Buchanan has made a verbal commitment to play at the University of Virginia, while his Lebanon teammate Preston Steele has committed to Virginia Tech.

A veteran of the travel ball circuit and the Kansas City Royals 17-under scout team, Buchanan was on the baseball field in Kansas City three weeks ago. He competed in an Atlanta-based tournament this past week.

“I’m really not sure about the future because COVID keeps changing things,” Buchanan said.

The daily routine has also changed dramatically for Adams. The baseball stadium at Lebanon is named for Adams, who has served as the head coach of the Pioneers for 32 years.

“This school and baseball field is my second home,” said Adams, who doubles as an assistant football coach. “I’m always working around this place and doing something related to athletics, even when nobody else is here.”

Adams said the Pioneers lost six players to graduation, but seven will return. Lebanon also has three sophomores who will push for playing time.
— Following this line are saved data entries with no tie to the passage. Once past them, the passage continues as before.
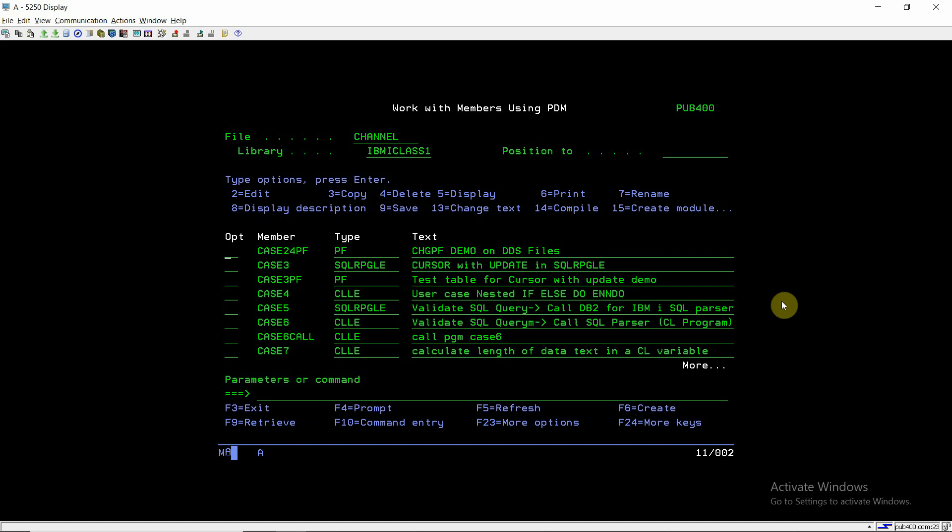The CHGPF command gives us the functionality — the power — to retain our data while changing the structure of a physical file. You can insert new fields, delete existing fields, or change the length or data type of a particular field in the PF using the CHGPF command, and you will retain the data in the PF. So whenever you want to retain the data in your physical files, you must use the CHGPF command. If there is no data to retain, you can simply use CRTPF.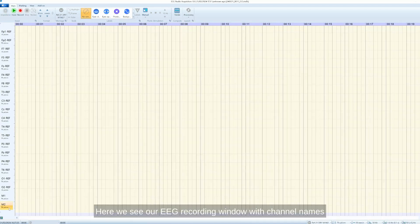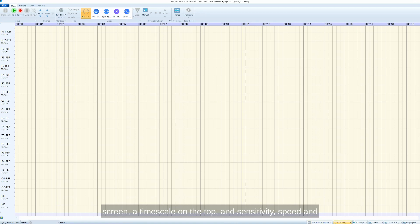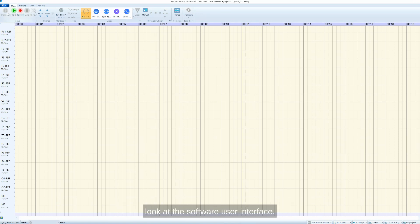Here we see our EEG recording window with channel names according to our montage on the left side of the screen, a timescale on the top and sensitivity, speed and filter parameters on the bottom in the status bar. But first, let us have a close look at the software user interface.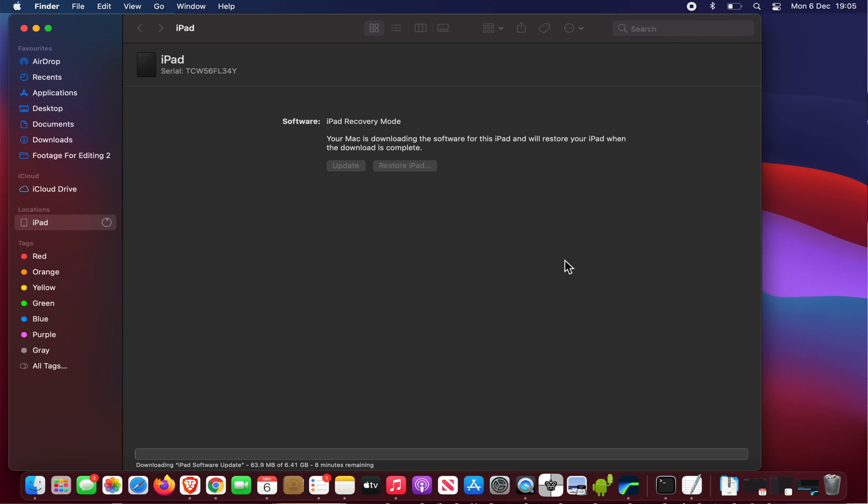Great. Now if you look at the bottom here you can see that it's downloading the latest iPad iOS, and this takes a little bit of time. As you can see it's taken me eight minutes, but it may be different depending on your download speed.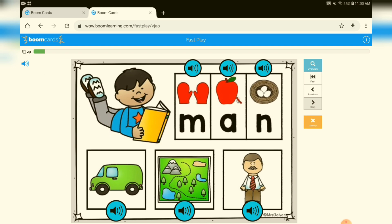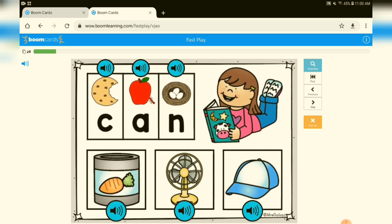Here's the other type of task card. If a student doesn't know the sound for the letter, it does give them that audio support again. And down here on the bottom, the button tells them what the picture is. So these are 30 Boom Cards for students to use, and they are all focusing on the CVC short A.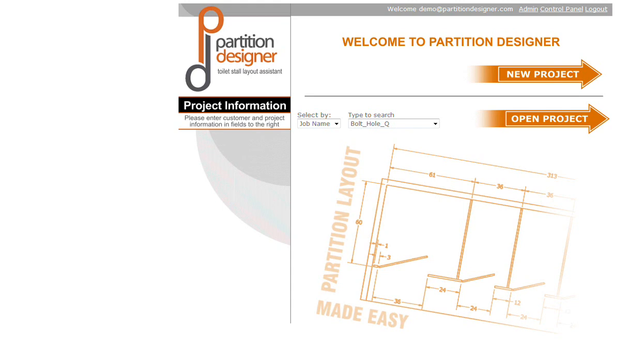Hello again and welcome to Partition Designer. In this video we will be examining how Partition Designer documents bolt hole details. Now bolt hole details are associated with two different layouts.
“Hopes will be high again next season,” Adams said. “Every day, I’ve got kids asking me to open up the batting cage but we haven’t been able to get in there since March 12.”

With the VHSL football season on hold until the winter and spring, Adam remains focused on the fundamentals of life.

“To me, every day that I’m alive is a good day,” Adams said. “There are ups and downs, but life is what you make it.

“I thought we had a chance to be state champions this past season. But if just one of my kids had gotten sick, the trophy would not have been worth it.”